> Problem statement: The line with "446 Central Avenue, Gibsons, British" marks where to begin; print it and all lines after it in the material below exactly, skipping pictures.
== Information provided
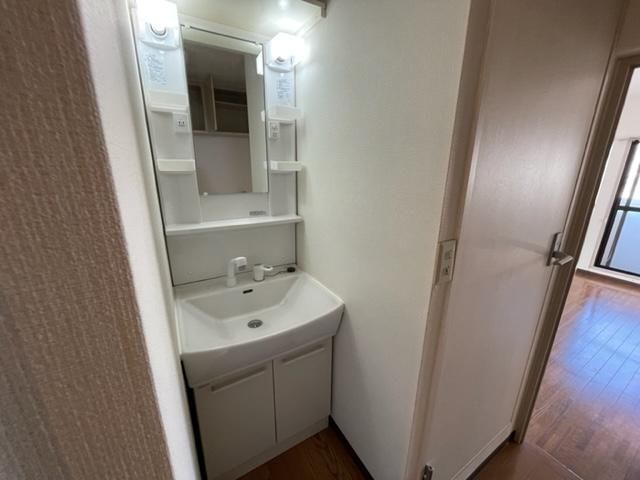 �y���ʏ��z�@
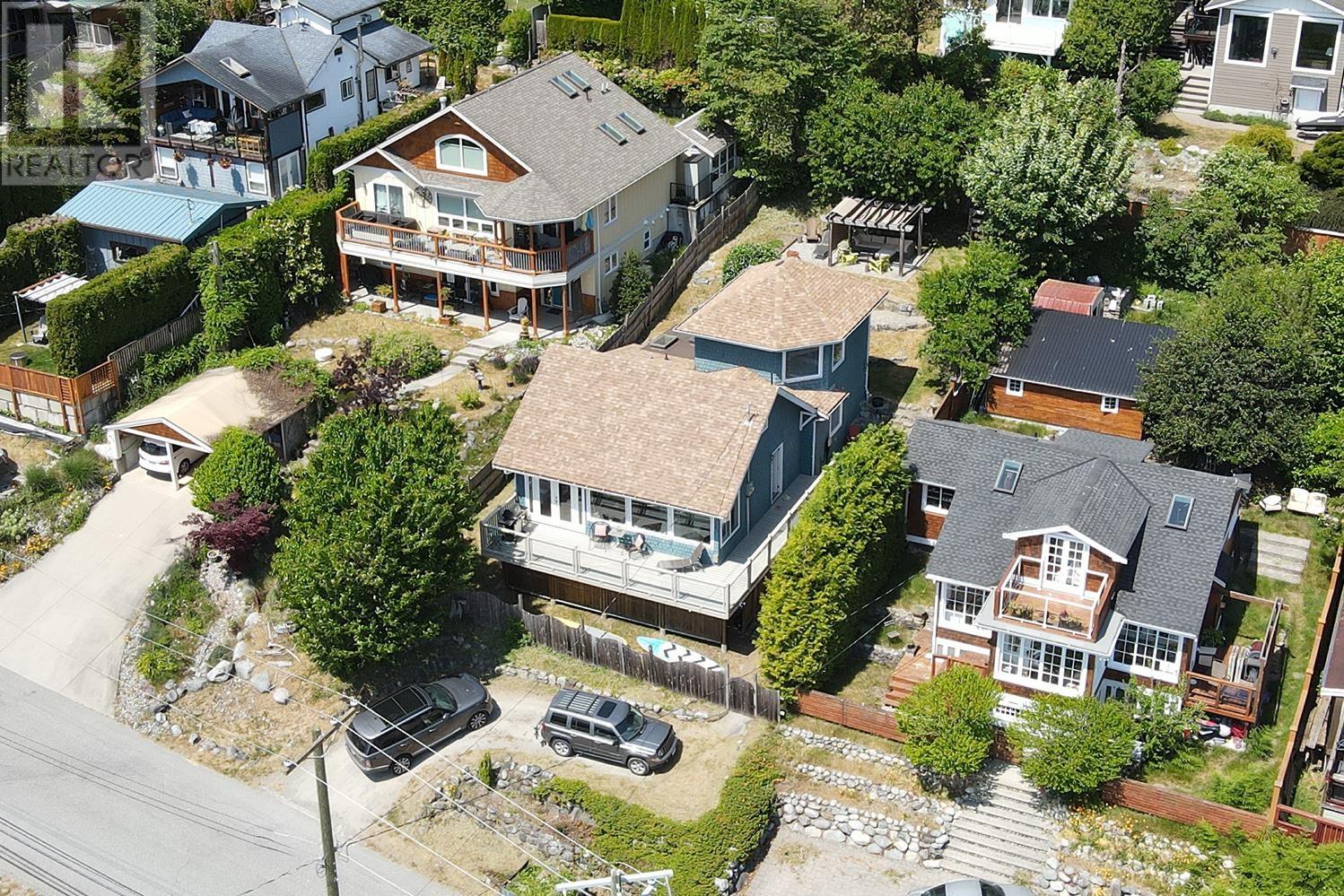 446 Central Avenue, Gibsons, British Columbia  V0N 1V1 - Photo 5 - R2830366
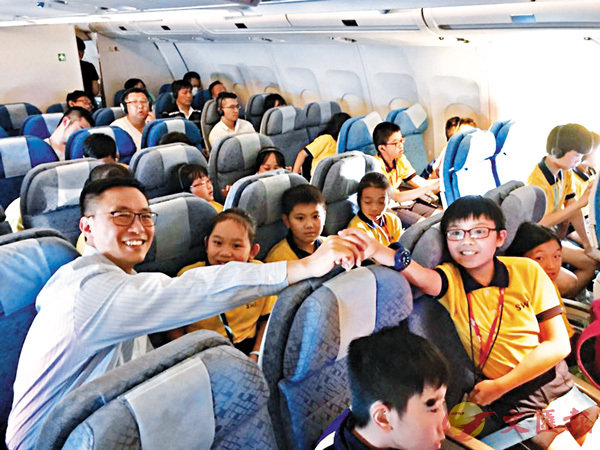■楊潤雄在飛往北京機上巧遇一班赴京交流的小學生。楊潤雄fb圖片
====
> Output for this task:
 446 Central Avenue, Gibsons, British Columbia  V0N 1V1 - Photo 5 - R2830366
■楊潤雄在飛往北京機上巧遇一班赴京交流的小學生。楊潤雄fb圖片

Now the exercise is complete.